That the conflicting lock which caused the failure may no longer be
held by the time a human investigates, is only one possible outcome.
The conflicting lock that transpired in the past may not be the same
type of lock held nor the same holder in the present, even if /present/
is the moment near instantly after the failure; i.e. later investigation
may see a lock that was not an issue when the original conflict resulted
in the timeout. Thus a request to WRKOBJLCK OUTPUT(*PRINT) as response
to the timeout, will only be able to log the possible lock holder(s)

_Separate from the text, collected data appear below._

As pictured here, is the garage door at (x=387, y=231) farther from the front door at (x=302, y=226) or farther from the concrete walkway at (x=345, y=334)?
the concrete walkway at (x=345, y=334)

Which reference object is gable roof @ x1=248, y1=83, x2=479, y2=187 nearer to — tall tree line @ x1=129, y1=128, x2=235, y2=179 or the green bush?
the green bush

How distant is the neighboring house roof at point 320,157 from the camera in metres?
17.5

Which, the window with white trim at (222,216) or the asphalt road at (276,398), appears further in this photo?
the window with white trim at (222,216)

that may pose a potential conflict at that instant, but not necessarily
those conflicts that existed only an instant prior. So any attempt to
understand what lock was in conflict must take into consideration, that
locks are transient.
The better option is usually to make a process wait longer to obtain
a lock [e.g. longer DFTWAIT(), WAIT(), or WAITFILE() depending on the
type of lock issue], and/or make the process more robust by retrying the
failed operation several times before any notification is sent about the
issue. Simply extending the wait times is often sufficient to decrease
the number of failures from locking conflicts.

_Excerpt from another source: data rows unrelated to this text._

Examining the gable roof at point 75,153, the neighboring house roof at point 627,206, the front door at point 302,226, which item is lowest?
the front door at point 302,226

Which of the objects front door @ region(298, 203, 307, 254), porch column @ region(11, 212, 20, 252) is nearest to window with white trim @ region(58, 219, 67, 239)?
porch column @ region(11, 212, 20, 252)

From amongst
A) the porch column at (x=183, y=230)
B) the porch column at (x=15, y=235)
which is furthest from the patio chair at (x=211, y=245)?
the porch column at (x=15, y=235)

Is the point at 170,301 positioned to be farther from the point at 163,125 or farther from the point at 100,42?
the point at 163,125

FWiW some attempts to locate locking conflicts are proactive reviews
[of a subset] of jobs looking for extended LCKW status, from which the
retrieved list of locks includes those which are WAITing versus HELD. A
retry option could be coded to reactively review instead, by including
between the failure and the retry, a request to submit a background job
to /watch my job for LCKW/ to catch the actual locks and holders that
are in conflict; if the timeout occurs, the failing job or reviewer can
obtain the extracted lock information from the background job.

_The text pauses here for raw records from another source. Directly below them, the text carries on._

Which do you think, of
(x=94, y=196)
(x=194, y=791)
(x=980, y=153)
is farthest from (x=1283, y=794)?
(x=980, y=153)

Note: Some messages were updated to list one job which was holding a
conflicting lock when the lock timeout occurred. IIRC that information
was added to MCH5802 and MCH5804. As such some lock requests that
either leave the MCH message in the joblog or for which that data is
then extracted and contained in the function-specific message, a
possible origin is logged.
Doug Palme wrote:
We have several processes that spawn during the course of the night
from a CL called nightjob. If a process needs a file that is locked,
the program will send a page to whoever is on call so they can
determine if the program that has the lock errored out or if it can
This is where we have a problem......a lot of times this lock is at
a file level, which is not logged in the job log....And by the time
the programmer on call gets up and checks, the lock is gone......
We thought about adding WRKOBJLCK to the CL in order to trap it and
thus write it to the job log......but I wanted to ask the group for
any other ideas on how to figure this out. The problem is, it wakes
someone up and we are hoping to determine which process has it locked
(there are in the range of 300,000 processes that fire throughout
the night) and fix it so it will stop setting off blackberry.